But things stayed the same and I unfortunately was frustrated from the lack of being intimate and ended up fighting more with her. I tried to get her to go back to counseling but was unable to convince her to go. My thought though was I made a commitment and said my vows and will stick through no matter what. (Sorry as my mind is in a rut from all the stress it is very hard to type down what is going through in my head) 

After our 1 year anniversary I thought things were back on track and we were doing awesome. We did a lot of fun things together but ended up find out that it was all temporary. About 3 months ago she stated she wanted a divorce and I was crushed. I was doing everything I could to state that I wanted to be with her and work things out (go to counseling, work on my flaws, etc.) I asked her was there someone else and she stated no. Later on during that week she decided to come home and work things out. 

I thought everything was fine but she was still acting distant. I even gave a go at trying to seduce her but failed. So that day I decided to go get us some lunch from one of our favorite restaurants. She had blocked in my car and I decided to use hers. As I jumped in I saw what destroyed me. A morning after pill. As I knew we haven't has sex for 4 months at this point that she had to have committed adultery. I brought the box up in a calmly manner and asked her. She admitted to it. I was heart broken. Here I was trying to work things out and she has sex with another guy that she met at a friends birthday party. This was the same party that there were suppose to be no guys and I wasn't allowed to go. Ever since I caught her I have been trying to piece my life back together. She stated she wants to work things out and go to counseling. Now to this week. I had turned on my Ipad to do my usual cruising on facebook and she was logged in. Right before my eyes is her being friends with the guy that she had an affair with. I ended up checking the date on when they became friends again and it states this month. I called her out on it she blew up on me so I told her to leave.

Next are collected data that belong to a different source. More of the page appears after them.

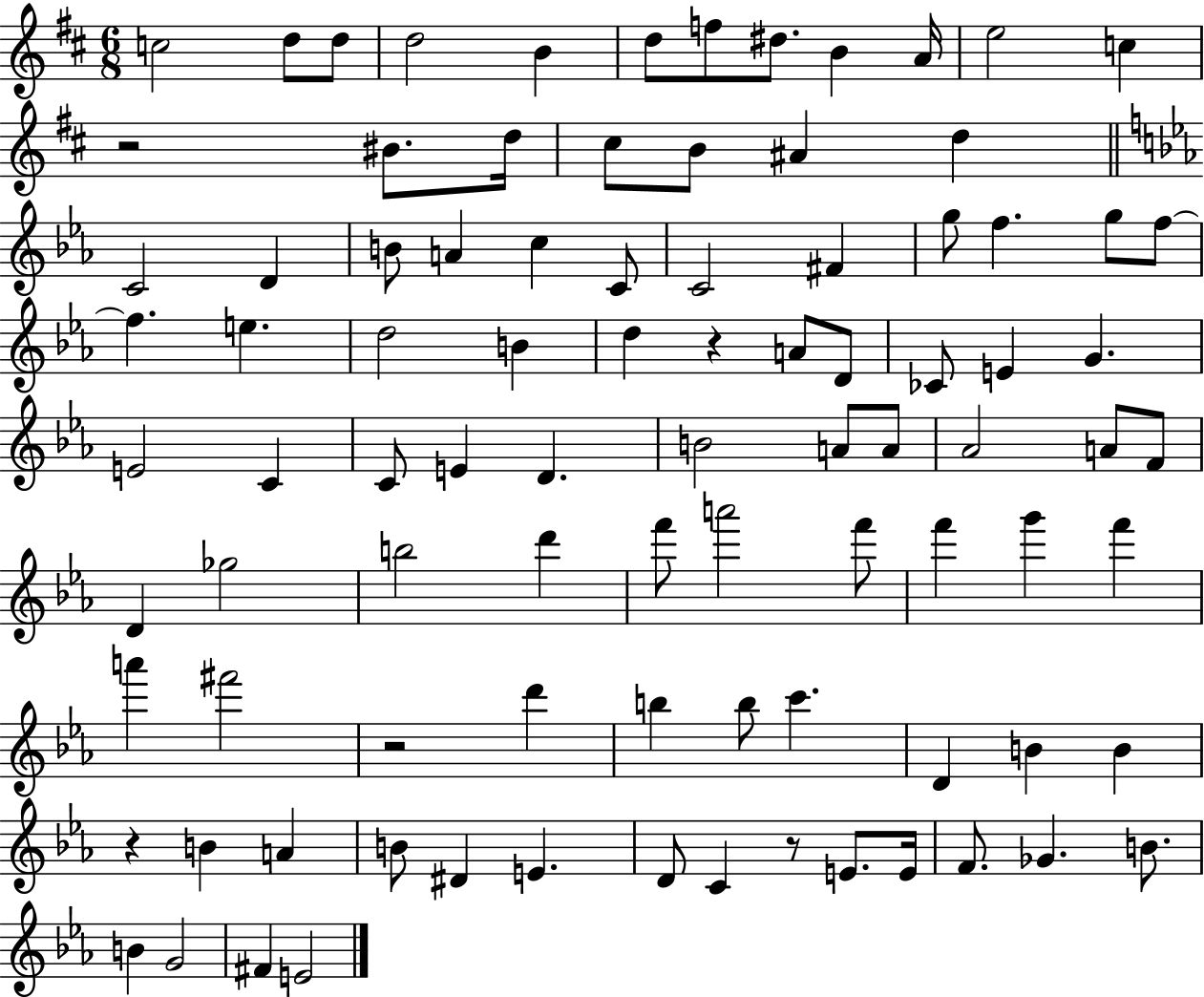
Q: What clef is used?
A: treble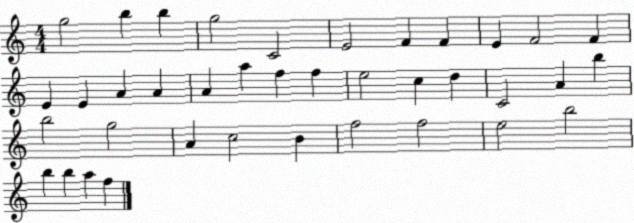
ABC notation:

X:1
T:Untitled
M:4/4
L:1/4
K:C
g2 b b g2 C2 E2 F F E F2 F E E A A A a f f e2 c d C2 A b b2 g2 A c2 B f2 f2 e2 b2 b b a f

Now I have no idea what to do and with my huge amounts of anxiety. I am beyond stressed and I need an HO if it is even worth saving this marriage or should I move on. Sorry if this is way too long. I figured I should vent everything.


----------



## Almostrecovered (Jul 14, 2011)

you may consider reposting in the coping with infidelity section, lots of people therhe who have gone thru similar situations

also read the newbie link in my signature


----------



## lamaga (May 8, 2012)

I'm very sorry for what you are going through. You will get a lot of good advice and support here.

So you are what, 22 or so? Honestly, I'd just chalk it up to youth and poor decisions and I would move on, but that's a decision that only you and your wife can make.

Good luck to you. Oh, and just a tip, paragraphs will make your post much easier to read, which will garner more comments.


----------



## tacoma (May 1, 2011)

Yeah, it would be best if a mod could move this to CWI.

Please?


----------



## YingandYang (Jun 13, 2012)

Sorry Iamaga! Tried my best to put it into paragraphs. I am 26.


----------